Welcome to the Team! !


----------



## WereBo (Apr 5, 2008)

Congratulations Marty, welcome to the TSF-Nuthouse... Home :grin:


----------



## GZ (Jan 31, 2010)

Congrats and welcome!


----------



## SteveThePirate (Jan 12, 2012)

Welcome to TSF {TechnoSmileyForum}


----------



## Corday (Mar 3, 2010)




----------



## Flight Sim Guy (Dec 19, 2011)

WereBo said:


> Congratulations Marty, welcome to the TSF-Nuthouse... Home :grin:


----------



## Tech nerd (Feb 6, 2013)

Congrats nicely done!


----------



## -WOLF- (Jan 17, 2009)

joeten said:


> Congratulations and welcome to the teams


Welcome!



SteveThePirate said:


> [/url]
> 
> 
> 
> ...


Please never use these again, they're extremely irritating to look at.


----------



## Flight Sim Guy (Dec 19, 2011)

-WOLF- said:


> Please never use these again, they're extremely irritating to look at.


I thought they were quite techy.:whistling::grin: You're right though.


----------



## joeten (Dec 4, 2008)

I will say congratulations in whatever way suits and this is not the place for a critique


----------



## Corday (Mar 3, 2010)

-WOLF- said:


> Welcome!
> 
> 
> 
> Please never use these again, they're extremely irritating to look at.


You can turn them off by blocking httx://www.mysmiley.net/in your browser.
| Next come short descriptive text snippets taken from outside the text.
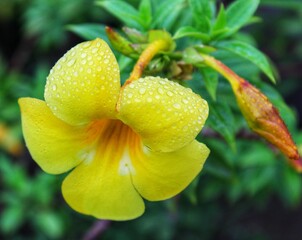 yellow orchid flower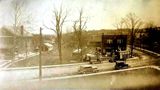 Silver Grove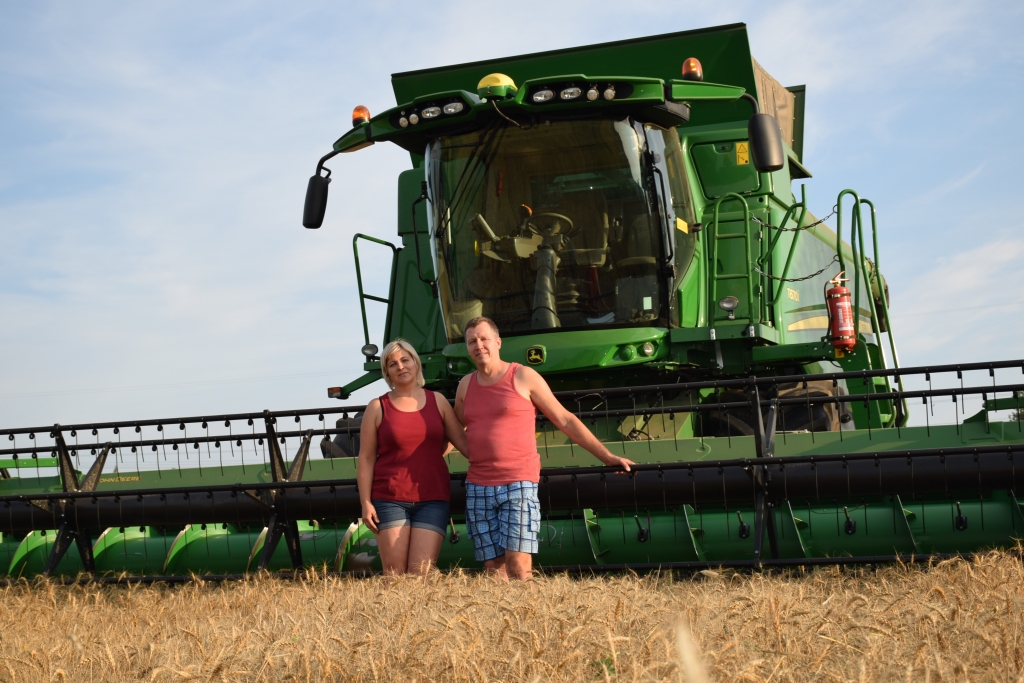 PĻAUJA SĀKUSIES arī SIA “Velmaraiši” laukos Staburaga pagastā. Kombainu stūrē pats saimnieks Aigars Dobulāns, bet ražu kaltē ar traktoru palīdz nogādāt viņa dzīvesbiedre Andra.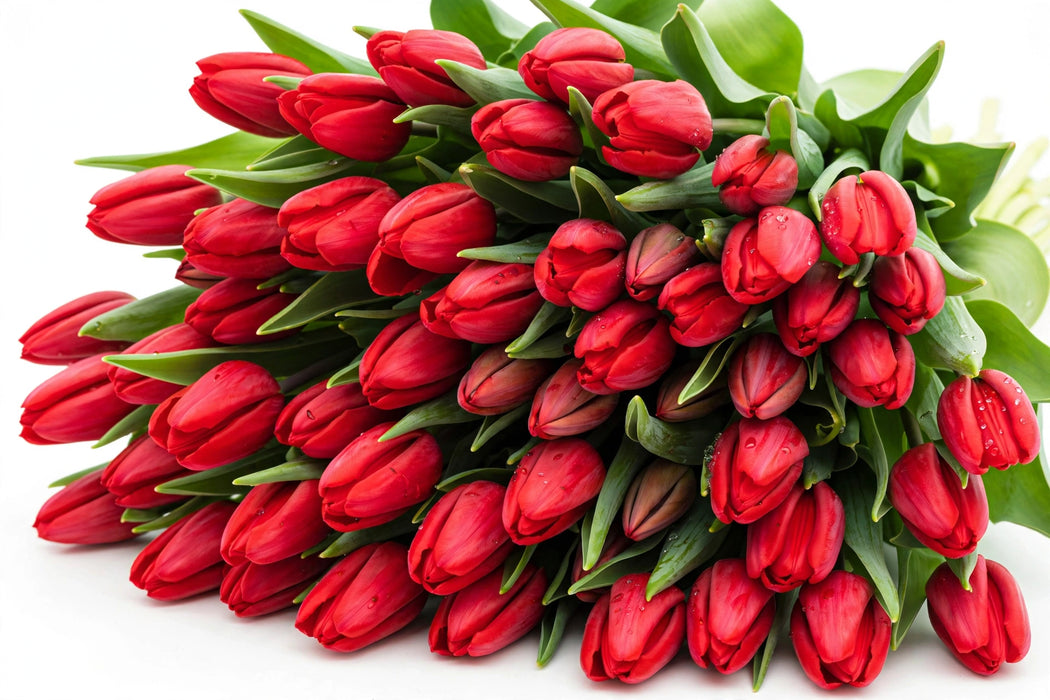 Tulip Collective - Ile De France 37Cm 35Gr - Red - 150 Stems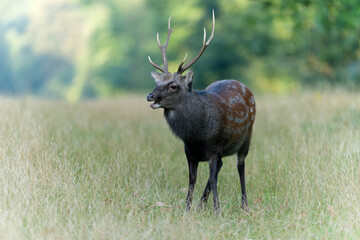 Sika deer, Cervus nippon
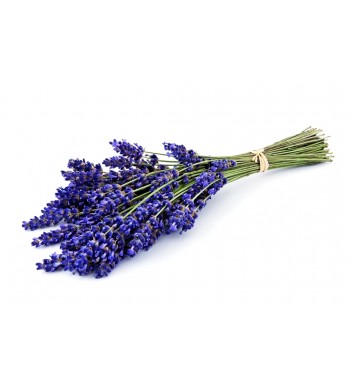 Saunageur Lavendel  500 ml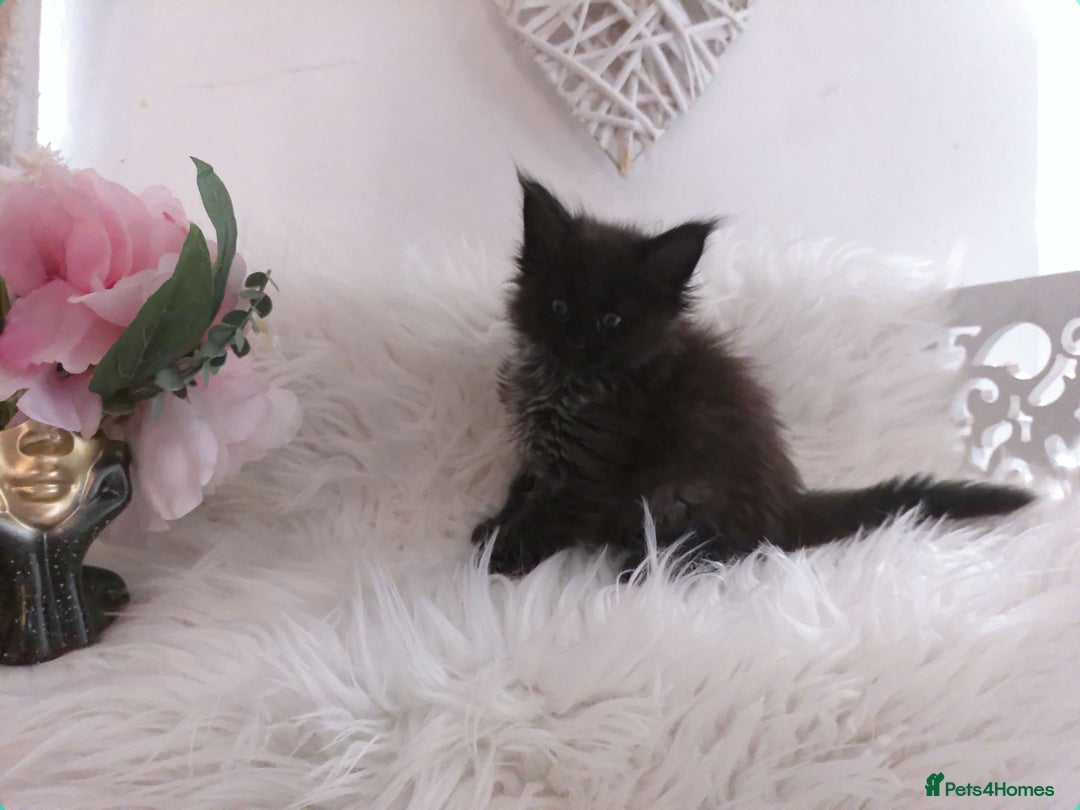 Maine Coon cats for sale: 2 kittens left In Search of Loyal Human Servant - Image 3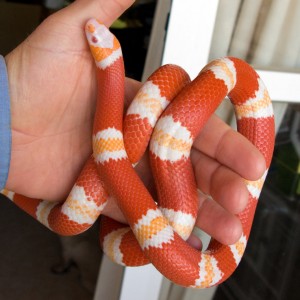 Lampropeltis triangulum hondurensis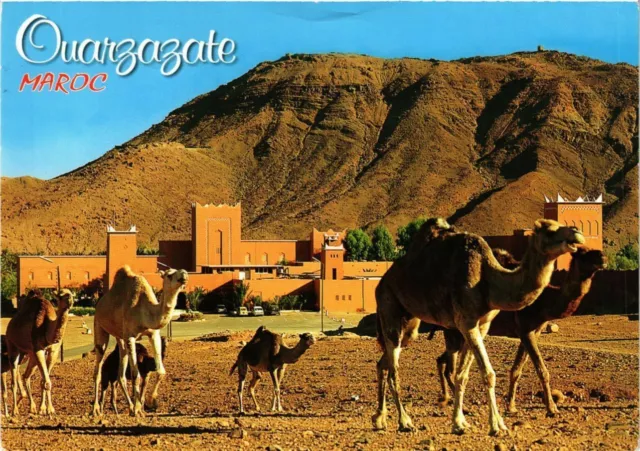 CPM AK MAROC Souvenir de OUARZAZATe (342539)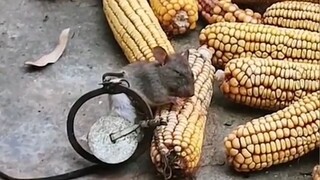 "Truly Hard to Change"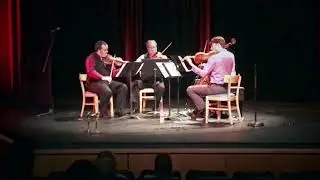 Turtle Island String Quartet - 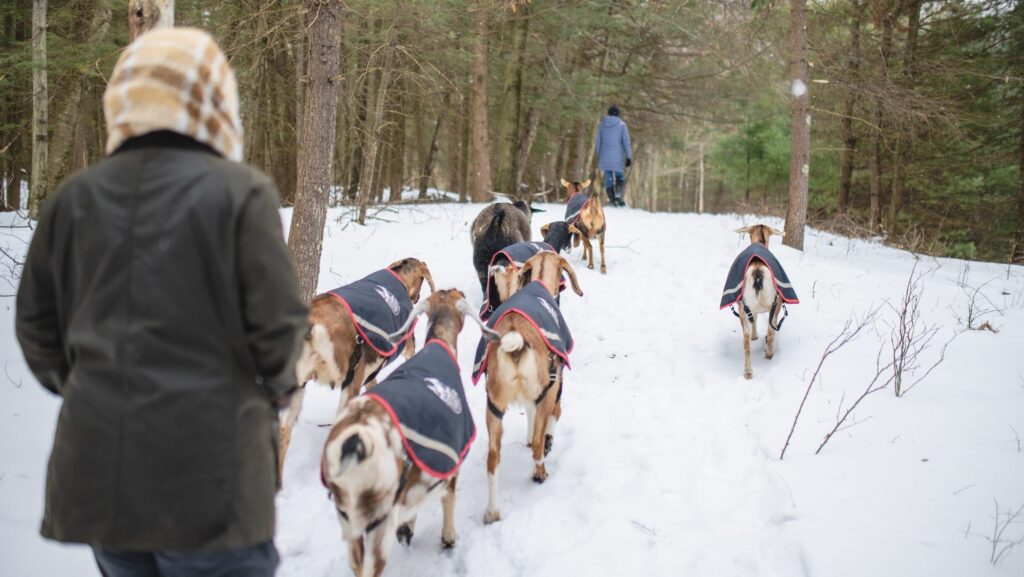Goats wearing coats walking down a snowy path at Hemlock Neversink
You'll see them, but they won't flash. Substitute p for x in address.


----------



## SteveThePirate (Jan 12, 2012)

A bit harsh for poor old techno smiley, he's a running trademark i use on special occasions such as this one :thumb:


----------



## Flight Sim Guy (Dec 19, 2011)

Just don't blink out on us.


----------



## Walter Odim (Jun 29, 2008)

Congratulation on joining the team, Marty! Very nicely done! :dance:


----------



## Thrall (Feb 19, 2011)

Welcome to the team. :smile:


----------



## Dude111 (Aug 22, 2011)

Congrats my friend!


----------



## jcgriff2 (Sep 30, 2007)

Congratulations & Welcome to the TSF Staff Family.

John


----------